Now, it wouldn’t be too much trouble to track down the said delinquent participants to make them keep their end of the bargain if you know who they are. But imagine if you joined a big “paluwagan” circle where you don’t know the administrators?
Recently, the Philippine Securities and Exchange Commission (SEC) warned the public against investing in online “paluwagan” circles, which lure unsuspecting investors with promising returns on their payout schedules. Participants were offered exorbitant interest rates on their contributions, ranging from 10 percent to up to 757 (!) percent.
It all sounds well and good, and some victims actually reported receiving dividends for a few months. And then, just as suddenly, the ones in charge of distributing the payouts disappear, leaving the investors holding an empty bag.
Because everything was conducted online without any official receipts or documents, the aggrieved victims often find it difficult to resort to legal remedies.
Unsurprisingly, many of the victims are OFW’s and their relatives. One OFW housewife reportedly invested half a million pesos of her husband’s hard-earned money in a “paluwagan” circle on Facebook. She trustingly deposited it to an administrator’s account without even meeting him in person, so he disappeared shortly after the deposit was cleared. This led to the victim being unable to pay off her family’s utility bills and her children’s tuition fees, as well as the eventual dissolution of her marriage.
Why Do People Still Fall For This?
When you consider how dubious the whole set-up is (come on, who deposits a big amount of money into a complete stranger’s account???), it’s hard to believe how the perpetrators were able to defraud a lot of people.
Here’s the thing: certain mindsets in the Philippines paved the way for these things. For starters, financial literacy is almost non-existent among many citizens because money is still a taboo topic for conversation.
Secondly, many Filipinos simply don’t like to put their money in banks because of the rather high required maintaining balances, so they think (rather erroneously) that putting their money in a “paluwagan” circle is a better option, and in some twisted way, there’s truth to that. Once you hand over your contribution to the pot, you can’t spend it, and provided that things go right, you’ll get it back when it’s your turn to collect. Also, the rate of return in successful “paluwagan” circles trumps the interest rate that any legitimate bank can offer.

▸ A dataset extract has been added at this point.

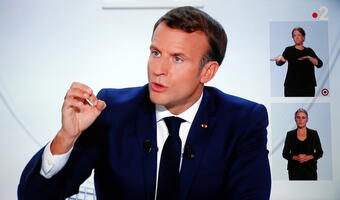 Francja: Macron ogłosił wprowadzenie godziny policyjnej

The only trouble is, the risk of losing your entire investment is all too real because there aren’t any regulatory bodies overseeing these arrangements and the lack of legally binding documents makes it difficult to enforce what was originally agreed upon.

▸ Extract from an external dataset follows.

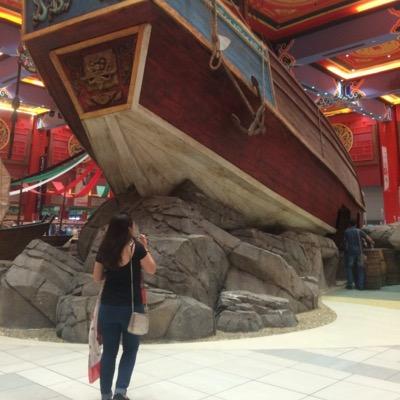 emmielie's profile picture. Dreamer. Ferris wheel lover. Clothed in Scarlet.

Try telling that to a person with little to no financial literacy and/or can’t see past the perceived benefits, though.
A Better Alternative
I hate to break it to you, but save for nabbing a government seat or becoming a drug lord (or both, we’re in the Philippines, after all), there aren’t any get-rich-quick schemes that actually work.
Mutual funds, stocks, bonds, and other financial products won’t make you an overnight millionaire, but they are legal, legitimate, and won’t make you lose sleep at night. Again, true, lasting wealth takes time to build, and requires hard work, financial discipline, and continuous learning, especially when it comes to various investment instruments.
Sure, it sounds like extra work, but isn’t a financially stable future worth all that anyway?
Right, let’s all hang on to our savings until we find much better investment vehicles to put them in then.